Andrus v. Convoy Company, 71-1392.

Decision Date22 June 1973
Docket NumberNo. 71-1392.,71-1392.
Citation480 F.2d 604
PartiesDean M. ANDRUS et al., Appellants, v. CONVOY COMPANY et al., Appellees.
CourtU.S. Court of Appeals — Ninth Circuit

Richard W. Herz (argued), of Thorne, Clopton, Herz & Stanek, San Jose, Cal., for appellants.

David G. Finkle (argued), of O'Melveny & Myers, Los Angeles, Cal., for appellees.

Before HUFSTEDLER and GOODWIN, Circuit Judges, and THOMPSON,* District Judge.

OPINION

HUFSTEDLER, Circuit Judge:

Appellants, who are union members, sued their present employer Hadley Auto Transportation Corporation ("Hadley") and their former employer Convoy Company ("Convoy"), seeking unsuccessfully to overturn an arbitrators' decision that rejected their seniority grievances presented to the arbitrators by their unions. The employees did not challenge the fairness or adequacy of the unions' representation in the grievance procedure, nor did they impugn the integrity of the arbitration process.
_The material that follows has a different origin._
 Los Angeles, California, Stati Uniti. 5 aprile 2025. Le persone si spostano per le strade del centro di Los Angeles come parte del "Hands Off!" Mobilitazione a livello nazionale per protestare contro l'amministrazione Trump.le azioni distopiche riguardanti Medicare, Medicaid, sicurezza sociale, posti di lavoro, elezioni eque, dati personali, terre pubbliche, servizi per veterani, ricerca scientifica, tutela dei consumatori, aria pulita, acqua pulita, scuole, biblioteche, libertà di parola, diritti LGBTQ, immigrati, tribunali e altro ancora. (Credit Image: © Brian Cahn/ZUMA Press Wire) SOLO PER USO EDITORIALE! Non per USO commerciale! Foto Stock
We affirm the judgment holding that the employees are bound by the arbitrators' decision, and they cannot maintain this action.

Each appellant belonged to one of three locals: International Association of Machinists & Aero-Space Workers, AFL-CIO, District Lodge 93; Local 287, International Brotherhood of Teamsters, Chauffeurs, Warehousemen & Helpers of America; and Local 576, Teamsters Automotive Workers Union. Convoy and Hadley were members of a multiemployer, multiunion collective bargaining unit. The companies and the locals to which appellants belonged were parties to the same collective bargaining agreement and supplements. Hadley and Convoy were engaged in transporting new Ford automobiles from the Ford Motor Company plant in Milpitas, California. Ford decided to employ Hadley as its sole carrier in the fall of 1966. Convoy's employees were told in March 1967 that Convoy was terminated and that they could apply for jobs with Hadley, but, if they were hired, their seniority would date from their new employment without carryover from the Convoy employment.
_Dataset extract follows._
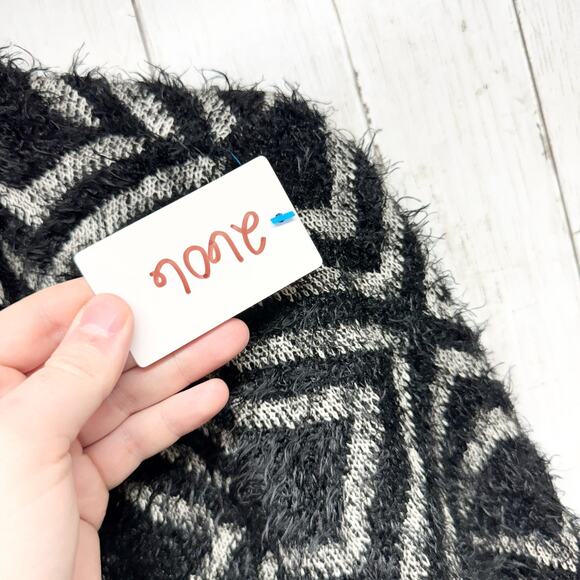 August Silk Sweater Women Size Medium Geo Diamond Pattern Fuzzy Knit Cardigan - Picture 3 of 6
Local 287 filed grievances on behalf of their members, including appellant-employees who belonged to Local 287, claiming that their contractual rights were violated when Hadley refused to recognize their accumulated seniority. Lodge 93 and Local 576 did not file independent grievances, but the parties stipulated that they would be bound by the resolution of Local 287's grievances. All the grievances were based on the "successor" and "absorption" clauses of two Articles in the National Master Agreement.1 Under Article 7 of that Agreement, the grievances were referred to the National Automobile Transporters Joint Arbitration Committee ("Committee"). After a full and fair hearing, the Committee decided that Convoy's employees had no seniority rights with Hadley arising from the successor or absorption clauses.2 Appellants brought this action seeking declaratory relief and vacation of the award, contending that the Committee lacked jurisdiction to adjudicate the grievance, a theory spun primarily from Bieske v. Eastern Automobile Forwarding Co. (3rd Cir. 1968) 396 F.2d 32.
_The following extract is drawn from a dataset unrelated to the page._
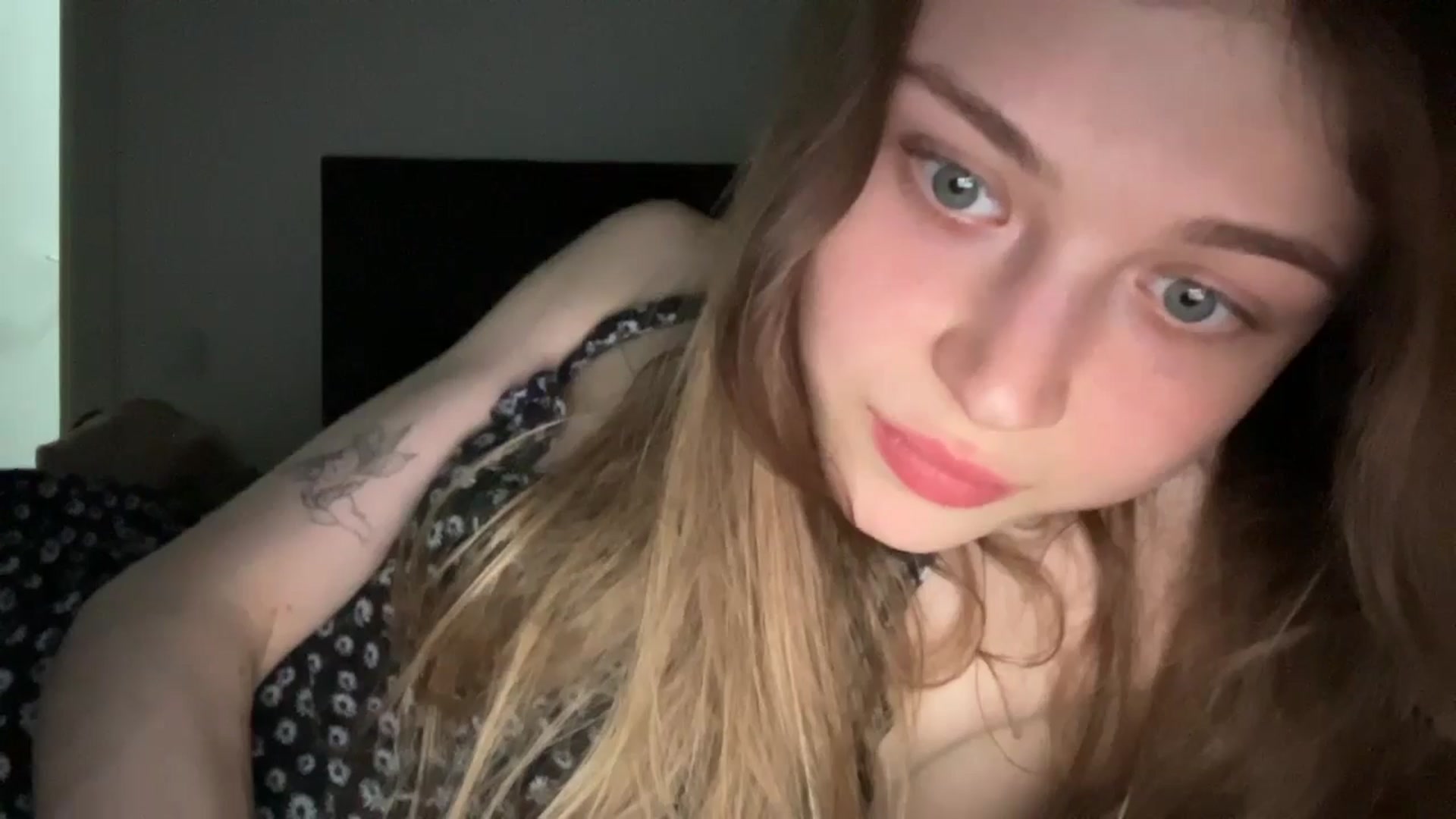 Gallery image thumbnail from Coconut_dream's myfreecams stream on, 06/03/2024, 18:46 image 9 of 20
We reject any implication from Bieske that a fairly represented employee can attack an arbitration decision made in the context of collective bargaining by challenging the arbitrators' jurisdiction.3 Judicial resort to such jurisdictional gambits has been firmly rejected by the Supreme Court. (Steelworkers v. Warrior & Gulf Co. (1960) 363 U.S. 574, 584-585, 80 S.Ct. 1347, 4 L.Ed.2d 1409; Steelworkers v. American Mfg. Co. (1960) 363 U.S. 564, 569, 80 S.Ct. 1343, 4 L.Ed.2d 1403; cf. Vaca v. Sipes (1967) 386 U.S. 171, 87 S.Ct. 903, 17 L.Ed.2d 842; Humphrey v. Moore (1964) 375 U.S. 335, 84 S.Ct. 363, 11 L.Ed.2d 370.)

We agree with the Fifth Circuit that the employees cannot attack the final award, "except on the grounds of fraud, deceit or breach of the duty of fair representation or unless the grievance procedure was a `sham, substantially inadequate or substantially unavailable.'" (Harris v. Chemical Leaman Tank Lines, Inc. (5th Cir. 1971) 437 F.2d 167, 171; cf. Acuff v. United Papermakers & Paperworkers (5th Cir. 1968) 404 F.2d 169.)

None of the exceptional circumstances existed here.

Affirmed.

* Reno, Nevada, sitting by designation.